Si alguien pensó que un descalabro electoral de 24% haría reflexionar a un gobierno derrotado por ese margen apenas a seis meses de haber iniciado su período, los mensajes de días pasados lo habrán desalentado.
Los discursos oficiales no solo eluden el hecho político de la derrota con retóricas ingeniosas del tipo “un gobierno no puede sentirse derrotado cuando el pueblo se pronuncia” o invocando la fórmula leninista de “un paso atrás y dos adelante”, que no es otra cosa que decir que la derrota electoral no cambia el carácter irreductible de las propuestas refundacionales de Apruebo Dignidad, ignorando -cuando no ofendiendo o menospreciando- la voluntad democrática de las mayorías.
Para mayor abundamiento, desde el oficialismo se insiste desde tribunas internacionales en la explicación octubrista de la situación del país, en particular se valora el estallido social como el momento del cambio cualitativo, la respuesta a “30 años de políticas que profundizaron la desigualdad” convirtiendo a Chile “en el país más desigual del mundo”.
No sirve solo reconocer que “otra cosa es con guitarra”. Se afirma majaderamente un diagnóstico falso, en contraposición a todos los estudios que muestran una reducción de la pobreza en la década de los noventa y de la desigualdad en el país a partir del 2000, y se persiste en la denostación de la obra de los aliados del socialismo democrático, que son los que, tras la derrota del plebiscito, se han hecho cargo de los platos rotos.
Afortunadamente, el país pareciera venir de vuelta de esas lecturas auto flagelantes y catastrofistas; pareciera que vuelve a valorar lo que hemos avanzado en democracia y lo que queremos conservar. Sin embargo, la falta de reconocimiento de la realidad política, la desorientación tras la “batalla de las batallas”, puede a llevar a la repetición de un fenómeno muy negativo y peligroso que ya se produjo en 2019 y 2020 cuando el gobierno de Sebastián Piñera dejó de ser relevante: el parlamentarismo de facto.

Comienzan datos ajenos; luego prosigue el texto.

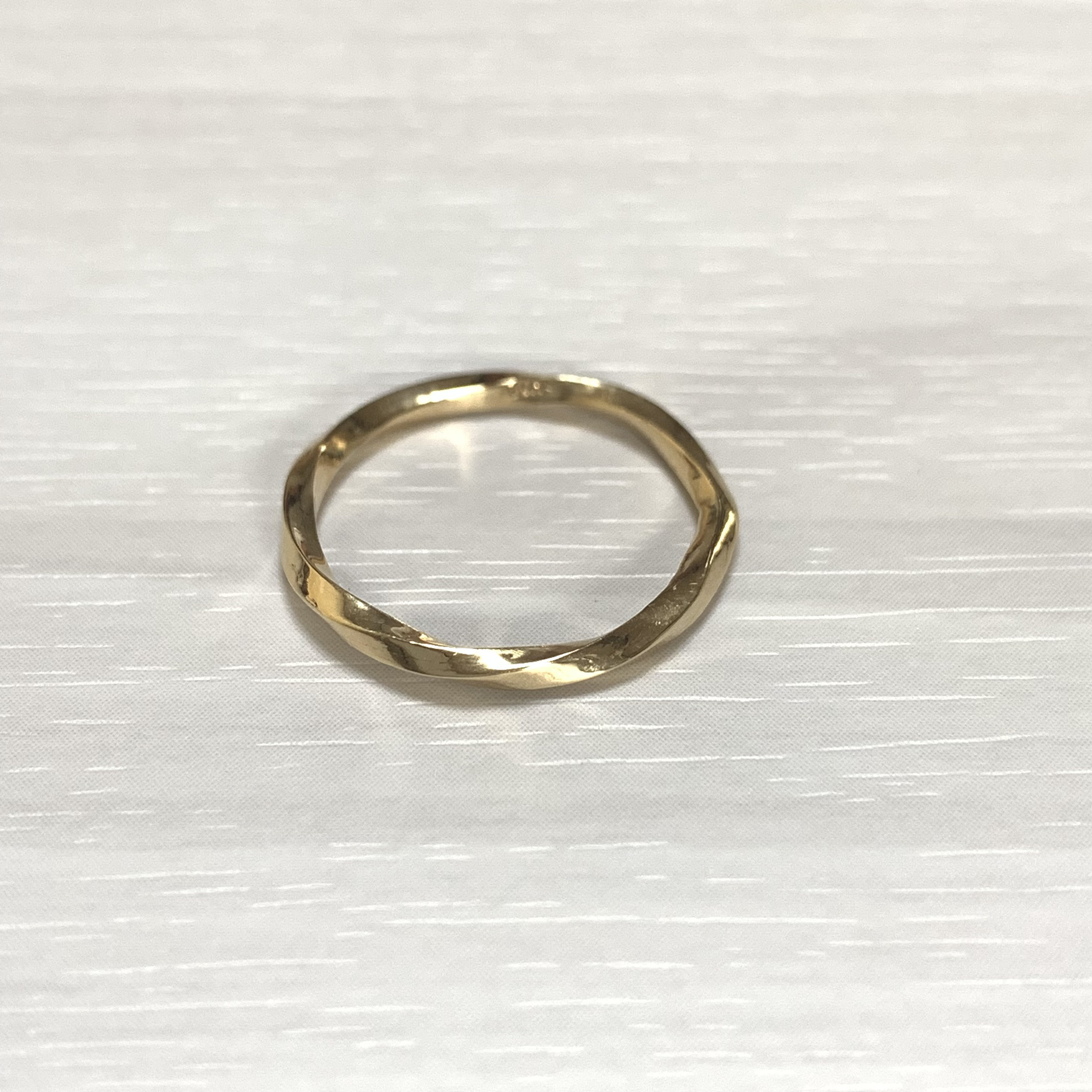 《twist line》K18リング｜ひねり・柔らかな動き・深みある艶・ギフトにも最適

De hecho, algo así parece estar ocurriendo en relación a la aprobación del tratado TPP-11, donde el senado se dispuso a aprobarlo sin esperar a Apruebo Dignidad; algo similar ocurre con las negociaciones relativas a la continuidad del proceso constituyente donde la Segpres quedó como observador y no sería extraño que proyectos de ley que ya han sido despachados por la Cámara de Diputados o duermen largamente en Valparaíso (como por ejemplo, la reforma previsional, la ley de patrimonio cultural y diversos proyectos relativos a la seguridad pública), revivan más allá de la voluntad del gobierno.

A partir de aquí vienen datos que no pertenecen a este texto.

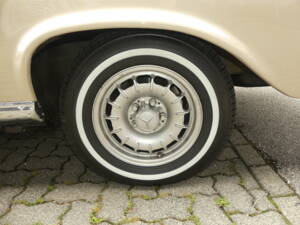 Image 44/73 de Mercedes-Benz 280 SE (1969)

La traumática derrota electoral no ha terminado de asumirse. De hecho, el oficialismo parecía preparado para el triunfo del rechazo pero por diferencias como las que marcaban las encuestas. Su plan era el que ejecutó, es decir, cambiar el eje del gobierno hacia el socialismo democrático, que ya tiene bajo su responsabilidad no sólo la conducción política sino también las áreas de seguridad pública, la hacienda, las relaciones con el parlamento, la defensa, el urbanismo y las relaciones exteriores. Lo que no se entiende y requiere una explicación es cómo los protagonistas de los 30 años que llevaron al país al desastre denunciado por el embajador en España, son los que ahora están a cargo de salvar al gobierno.